Yesterday, while scrolling through my Facebook timeline on my iPod with the dexterity and discernment one develops in a digital age, flicking away 99 percent of it like balled-up boogers, I came to a screeching halt at a link to an article written by Corrie Mitchell for OnFaith with the click-baity title: Let’s Stop Singing These 10 Worship Songs. As a pastor and a member the Grace Baptist Church Worship Team, I am a sucker for articles, books, and other resources that refine my thinking and inform our practice of choosing God-glorifying songs for corporate worship. So of course I clicked and read.
I quickly realized (with relief) how far out of mainstream evangelicalism I am, since I had not heard of sixty percent of the songs on Mitchell’s list.

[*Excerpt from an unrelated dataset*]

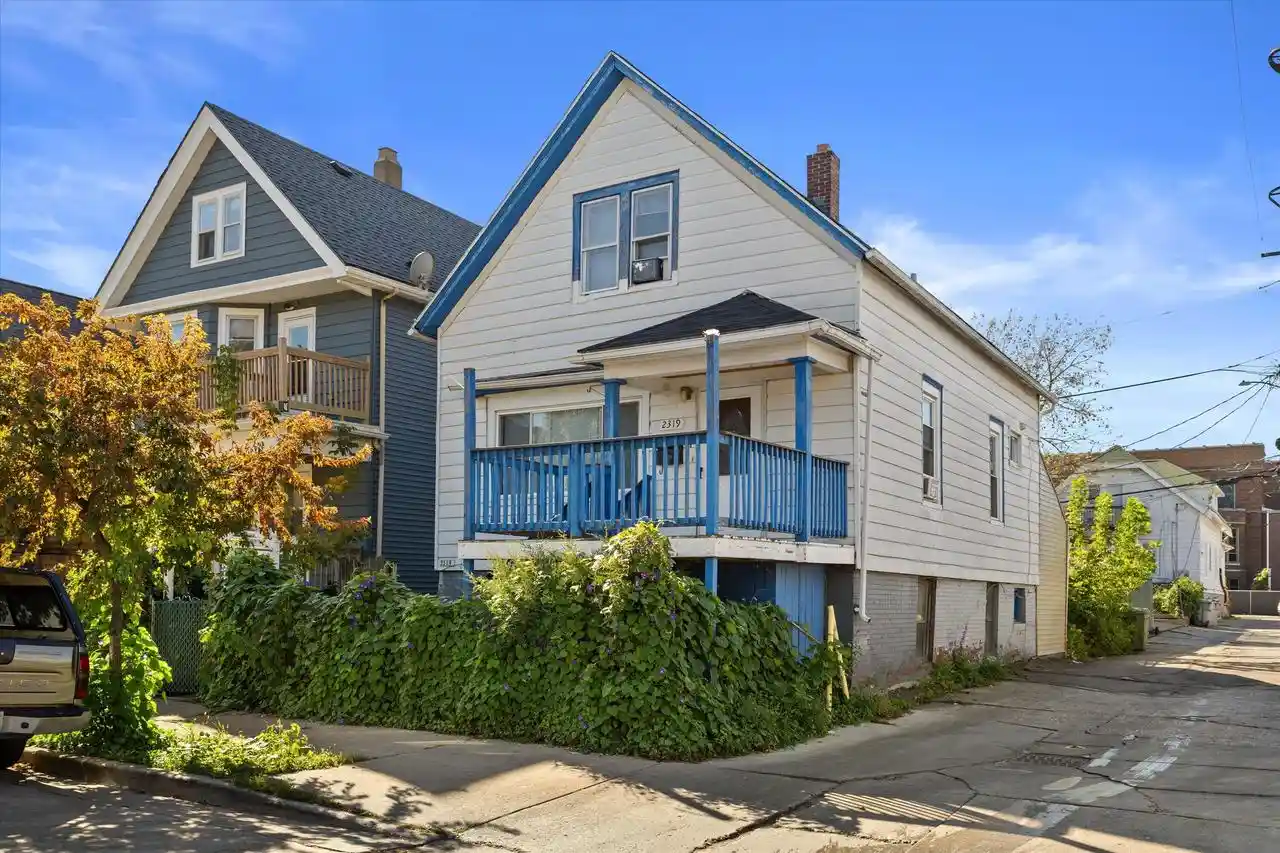 2319-s-17th-street-milwaukee-wi-53215/hzid_8c3fe6ac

The song that drew most of my attention was Above All, written by Paul Baloche and Lenny LeBlanc, and popularized more than a decade ago by Michael W. Smith. I recognized this song as one that has often been vilified by no lesser luminaries than John Piper (here) and Bob Kauflin (Worship Matters, Crossway 2008, 224-25) along with many of my seminary and ministry colleagues.
At issue are a couple of phrases in the last line: “Like a rose, trampled on the ground, you took the fall, and thought of me, above all.” For example, Kauflin says that the lyric, “you took the fall” is an “understated, almost colloquial way of describing what Jesus did. Plus it’s confusing.” Most problematic, according to these critics, is the last phrase: “[You] thought of me, above all.” In response, Piper says with his perpetual passion “Wrong! He thought of His glory above all on the cross.” Similarly, Mitchell believes this line to be “utterly man-centered.”
With all due respect to Mitchell, Piper, Kauflin, and others, I wish to speak in humble defense of these lyrics and this song. It seems to me that those who criticize Above All are missing the tree for the forest. The forest in this case is the overarching theological understanding that God always and rightly seeks His own glory in everything that He does. With this, of course, I wholeheartedly agree.
But problems typically arise when one allows a systematic theological understanding (in this case, the Glory of God) to trump all other considerations. The “tree” in our analogy that is being either missed or trumped is Philippians 2:5-11, which is the scriptural passage alluded to in Above All. Most biblical commentators agree that in these verses the Apostle Paul is quoting the lyrics of an early hymn or worship song. This passage has also been described as “The Divine Parabola,” since it shows Christ descending in humility and being raised again to glory.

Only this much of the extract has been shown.